Activity: Transcribe exactly everything in the data below from the line containing "CRZ YOGA Bra" down to the line containing "моторчик стеклоподъемника передний", both lines included and nothing further.

Records to use:
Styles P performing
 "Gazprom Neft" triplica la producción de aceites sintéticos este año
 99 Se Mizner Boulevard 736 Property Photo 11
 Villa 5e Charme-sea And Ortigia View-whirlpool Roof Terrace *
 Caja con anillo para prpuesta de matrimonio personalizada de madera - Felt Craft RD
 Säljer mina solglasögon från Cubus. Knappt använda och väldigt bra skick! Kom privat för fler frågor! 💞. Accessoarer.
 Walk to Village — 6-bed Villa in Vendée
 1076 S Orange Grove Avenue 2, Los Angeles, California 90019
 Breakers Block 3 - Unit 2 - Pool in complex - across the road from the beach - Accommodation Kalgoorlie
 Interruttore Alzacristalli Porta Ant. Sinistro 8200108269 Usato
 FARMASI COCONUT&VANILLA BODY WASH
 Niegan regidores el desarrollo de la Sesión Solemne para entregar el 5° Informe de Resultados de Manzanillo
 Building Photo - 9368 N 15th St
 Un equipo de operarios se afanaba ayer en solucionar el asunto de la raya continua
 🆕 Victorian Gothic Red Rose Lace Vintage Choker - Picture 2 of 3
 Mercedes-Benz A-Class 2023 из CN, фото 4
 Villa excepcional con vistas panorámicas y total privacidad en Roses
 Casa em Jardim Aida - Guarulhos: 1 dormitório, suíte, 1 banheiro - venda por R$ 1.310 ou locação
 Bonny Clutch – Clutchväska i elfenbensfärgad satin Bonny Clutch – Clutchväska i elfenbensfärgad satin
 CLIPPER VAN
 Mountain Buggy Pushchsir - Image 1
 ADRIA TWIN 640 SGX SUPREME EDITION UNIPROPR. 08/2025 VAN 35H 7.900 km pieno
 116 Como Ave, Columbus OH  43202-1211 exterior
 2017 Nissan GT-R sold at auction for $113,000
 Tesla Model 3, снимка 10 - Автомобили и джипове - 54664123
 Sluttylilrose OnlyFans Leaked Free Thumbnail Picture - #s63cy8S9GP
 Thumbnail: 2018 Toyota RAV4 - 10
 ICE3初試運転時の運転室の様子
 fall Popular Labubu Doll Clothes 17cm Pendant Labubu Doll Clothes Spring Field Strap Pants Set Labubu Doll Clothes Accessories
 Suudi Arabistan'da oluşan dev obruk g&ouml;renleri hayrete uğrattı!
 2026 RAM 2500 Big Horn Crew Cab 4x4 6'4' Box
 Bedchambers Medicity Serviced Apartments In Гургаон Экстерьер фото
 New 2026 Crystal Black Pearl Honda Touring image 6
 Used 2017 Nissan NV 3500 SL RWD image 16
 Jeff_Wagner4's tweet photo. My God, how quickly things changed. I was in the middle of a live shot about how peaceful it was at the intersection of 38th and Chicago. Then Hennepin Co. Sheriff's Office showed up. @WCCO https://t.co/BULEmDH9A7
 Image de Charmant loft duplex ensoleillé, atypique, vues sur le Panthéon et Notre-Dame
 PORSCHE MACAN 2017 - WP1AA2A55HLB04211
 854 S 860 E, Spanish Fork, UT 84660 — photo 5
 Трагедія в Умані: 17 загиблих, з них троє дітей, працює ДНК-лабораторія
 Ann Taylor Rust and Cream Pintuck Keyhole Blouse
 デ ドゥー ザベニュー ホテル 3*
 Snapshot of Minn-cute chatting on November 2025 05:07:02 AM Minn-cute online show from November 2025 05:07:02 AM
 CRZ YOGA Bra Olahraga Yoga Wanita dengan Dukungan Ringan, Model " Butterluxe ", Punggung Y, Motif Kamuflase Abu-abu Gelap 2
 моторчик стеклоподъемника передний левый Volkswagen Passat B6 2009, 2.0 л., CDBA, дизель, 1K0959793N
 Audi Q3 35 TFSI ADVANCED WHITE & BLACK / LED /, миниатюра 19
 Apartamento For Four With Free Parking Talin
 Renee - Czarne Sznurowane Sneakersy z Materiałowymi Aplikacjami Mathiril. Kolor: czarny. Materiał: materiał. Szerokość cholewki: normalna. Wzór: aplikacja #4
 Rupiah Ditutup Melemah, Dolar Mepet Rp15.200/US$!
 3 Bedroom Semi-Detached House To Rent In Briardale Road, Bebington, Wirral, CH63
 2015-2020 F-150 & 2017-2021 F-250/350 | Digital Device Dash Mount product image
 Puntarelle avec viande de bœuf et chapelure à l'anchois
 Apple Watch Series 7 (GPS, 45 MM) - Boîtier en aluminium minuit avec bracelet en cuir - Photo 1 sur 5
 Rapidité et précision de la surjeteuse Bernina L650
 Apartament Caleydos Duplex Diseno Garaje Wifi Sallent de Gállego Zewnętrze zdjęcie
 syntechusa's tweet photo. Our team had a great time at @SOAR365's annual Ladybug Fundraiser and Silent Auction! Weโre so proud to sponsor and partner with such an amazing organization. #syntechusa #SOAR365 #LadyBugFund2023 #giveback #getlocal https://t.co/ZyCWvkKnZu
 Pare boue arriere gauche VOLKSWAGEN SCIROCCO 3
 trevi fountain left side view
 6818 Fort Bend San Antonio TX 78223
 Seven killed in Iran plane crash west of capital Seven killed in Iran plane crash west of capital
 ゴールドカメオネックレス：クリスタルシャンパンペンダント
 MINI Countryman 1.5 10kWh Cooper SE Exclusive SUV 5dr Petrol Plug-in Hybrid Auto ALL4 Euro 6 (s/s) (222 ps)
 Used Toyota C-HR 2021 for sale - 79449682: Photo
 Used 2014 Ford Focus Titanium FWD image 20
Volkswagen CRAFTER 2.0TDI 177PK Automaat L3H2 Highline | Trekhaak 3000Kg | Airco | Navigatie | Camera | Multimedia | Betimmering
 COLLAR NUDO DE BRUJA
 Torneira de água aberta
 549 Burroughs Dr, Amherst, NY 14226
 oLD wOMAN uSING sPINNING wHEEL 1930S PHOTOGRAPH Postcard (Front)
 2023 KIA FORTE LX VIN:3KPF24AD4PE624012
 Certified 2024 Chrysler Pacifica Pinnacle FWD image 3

Response area:
 CRZ YOGA Bra Olahraga Yoga Wanita dengan Dukungan Ringan, Model " Butterluxe ", Punggung Y, Motif Kamuflase Abu-abu Gelap 2
 моторчик стеклоподъемника передний левый Volkswagen Passat B6 2009, 2.0 л., CDBA, дизель, 1K0959793N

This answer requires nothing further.